The stage manager has just called the next scene and the company scrambles to set up for it. With about two weeks to go before opening night, they’re still working with a combination of real, substitute, and “work-in-progress” set pieces, including three large, unpainted wooden boxes and two huge ladders.
Cast member Jack Wetherall pushes one of the boxes a few feet toward stage right and then looks at it thoughtfully. “I sort of remember it hugging the ladder last time,” he says.
“Last time was Tuesday,” comments fellow cast member Tina Shepherd.
Jack laughs. “No,” he says. “Twenty-eight years ago!”

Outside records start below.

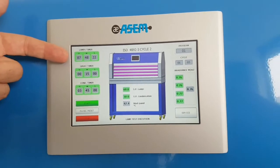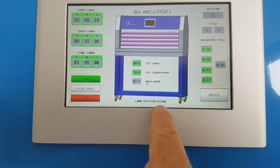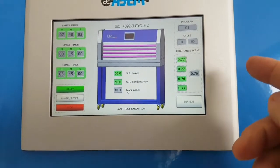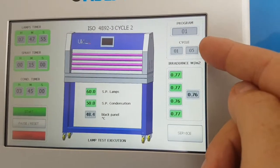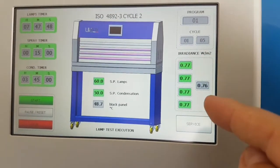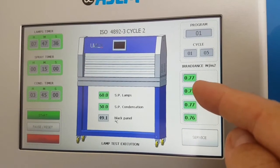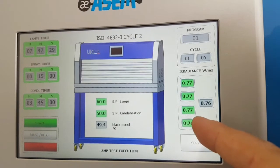You can see exactly what the chamber is doing — in this phase it is in the lamp phase. After the lamp test execution it will run the spray phase, and then the condensation phase. On the other side of the panel you see the program number — in this case program number one — the number of cycles set to five, currently running the first of five. Here you have the irradiance values: the first two lamps on the front, the second two lamps on the front, the first two lamps on the back, and the second two lamps on the back.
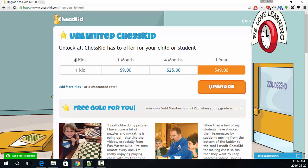Each kid costs either $9 a month, $25 for four months, or $49 for a year. Yeah, it saves you some money.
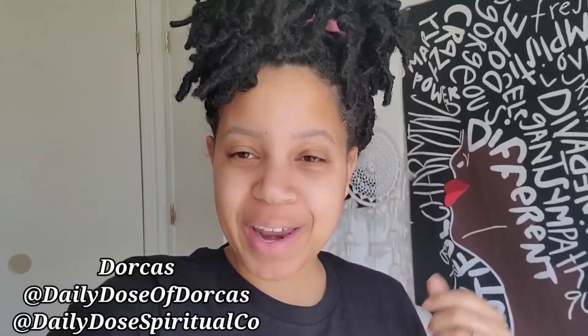Hey guys, what is up? It is Dorcas from Daily Dose of Dorcas and Daily Dose Spiritual Co. Welcome back to my channel. Here on Daily Dose of Dorcas, we focus on growth, gratitude, and guidance so that you and I can live our best healthy, happy, positive, and non-problematic lifestyle.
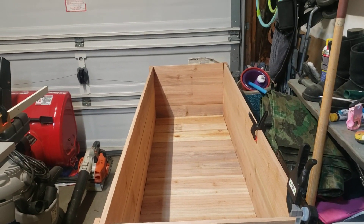Well, here we are, Tuesday night. What better things to do than build a humongous planter box?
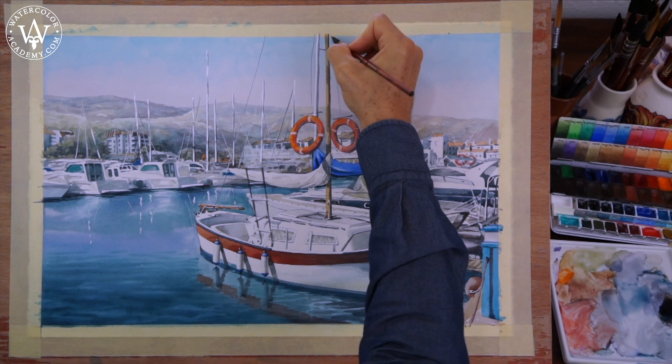There are more seascape and marinescape video lessons to come in the Watercolor Academy course.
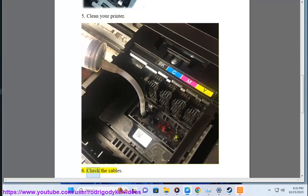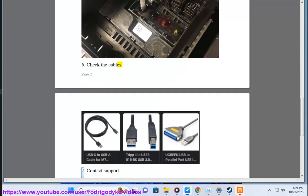5. Clean your printer. 6. Check the cables. 7. Contact support.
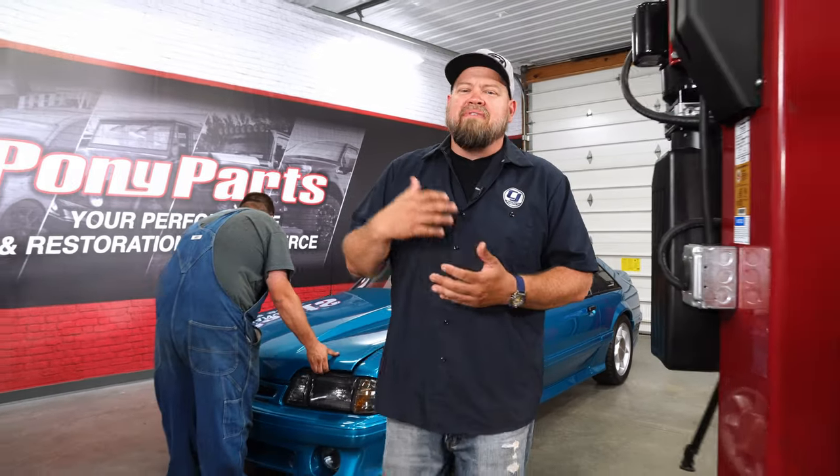Our goal here at CJ's is obviously to get you guys back on the road in no time. There's a lot of things that go in these videos that you never see — a whole team of people that help out and a lot of resources behind the scenes. Today we're going to give you guys something you've never seen before: we're going to take it behind the scenes here at cjponyparts.com.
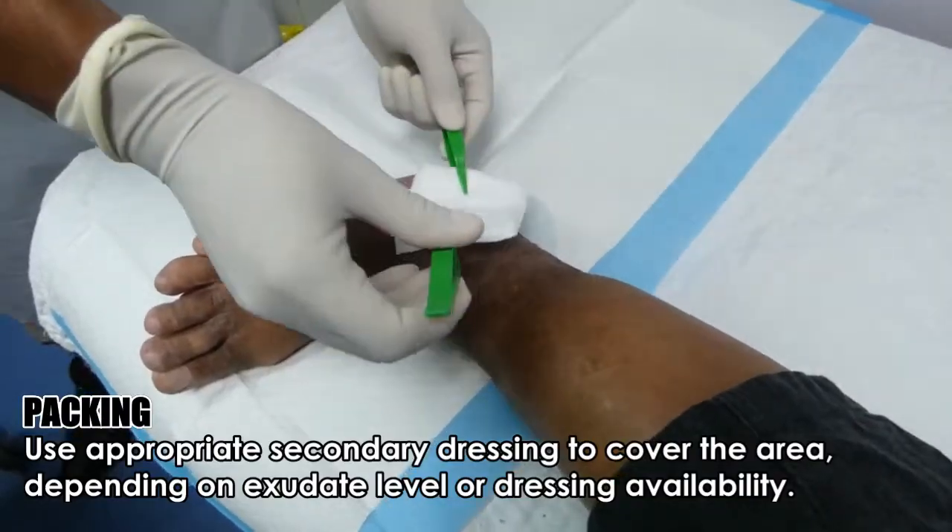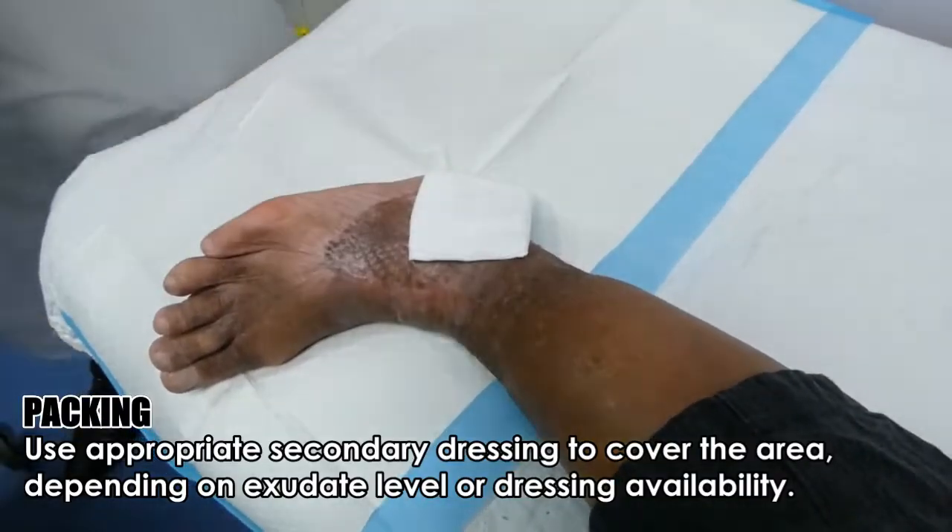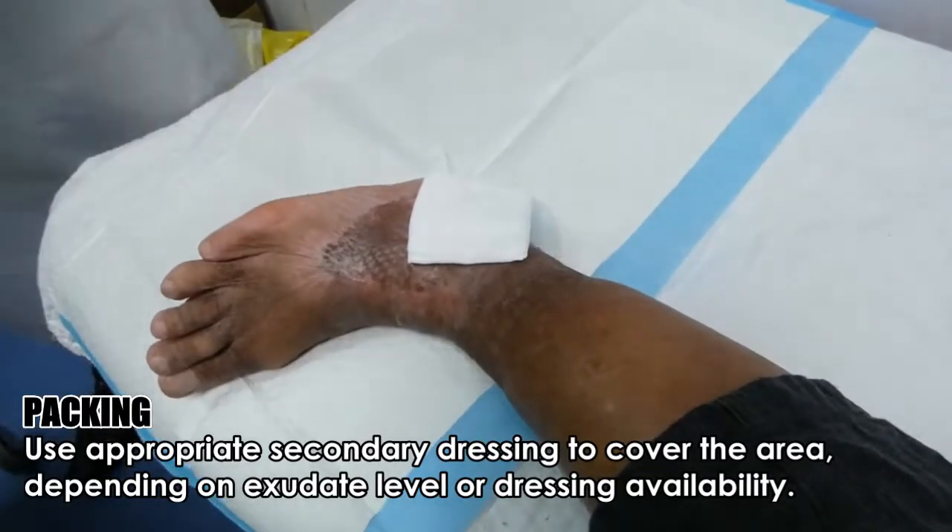Use appropriate secondary dressing to cover the area, depending on exudate level or dressing availability.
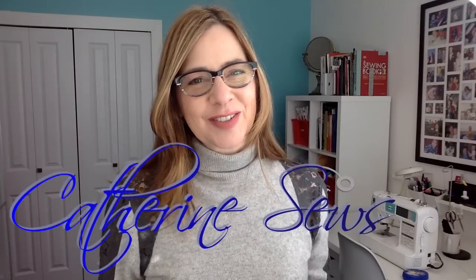Hello everybody, welcome to Catherine Sews! Today should be a quick one because I'm doing my project mostly on the serger. Don't worry if you don't have a serger - you can do it on your regular machine. This fabric was given to me and I've gradually fallen in love with it. I really want to put it to use today, so I'm going to be making a turtleneck.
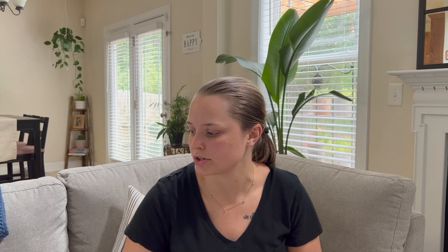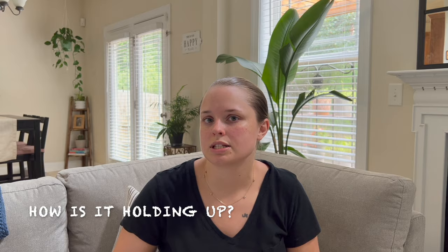First question: how much did I pay for it? I ordered it May 22nd and all together with tax and everything I paid $1,823.24. I think it was $1,699 when I got it, but the price is now $1,999 — so $2,000 is what the price is for it now.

The company is the Talking Band, and the show is Hot Lunch Apostles. When the play was first produced at La MaMa in 1983 and again in 1984, its apocalyptic vision of 50 million unemployed and a society dominated by religious fundamentalists was set several decades in the future. In this remount—set to open on March 1, 2012—the production is set in the present. “So I guess I was right!” says playwright Sidney Goldfarb with a laugh, adding, “That was not by chance. I definitely saw the country going in that direction…It just wasn’t quite as extreme as it is now.”
Future Imperfect
In a way, Hot Lunch Apostles was a natural choice for the Talking Band, which for the past 37 years has been presenting work that “illuminates the extraordinary dimensions of ordinary life,” to quote from the company’s website. Founded in 1975 by veterans of Joseph Chaikin’s Open Theatre, the company went on to win 15 OBIEs and to be hailed in 2008 by American Theatre Magazine as “one of the most exceptional experimental theater companies in the country.”
The 1984 production of Hot Lunch Apostles garnered similar praise. “I suppose it’s inevitable that the Talking Band will now be considered one of the main forces of the Avante Garde in American theatre today,” said a review in the Villager.
Maybe Hot Lunch Apostles appeared “avante-garde” in the 1980s, but it seems disturbingly up-to-the-minute today. The play is the raunchy, raucous, and grotesquely funny story of a bedraggled carny troupe that decides to supplement its failing strip show business with scenes from the New Testament. As the company continues to present geek shows, burlesque numbers, and sex acts, they are also rehearsing what they call “that gospel shit.” Sometimes, as in an erotic strip tease by St. Theresa (“St. Theresa here’s gonna show you how a young girl comes when she’s wounded by God himself,” says Barney the barker), sex and religion combine in a provocative mix that Goldfarb says, “aims to be satire and transcendent at the same time.”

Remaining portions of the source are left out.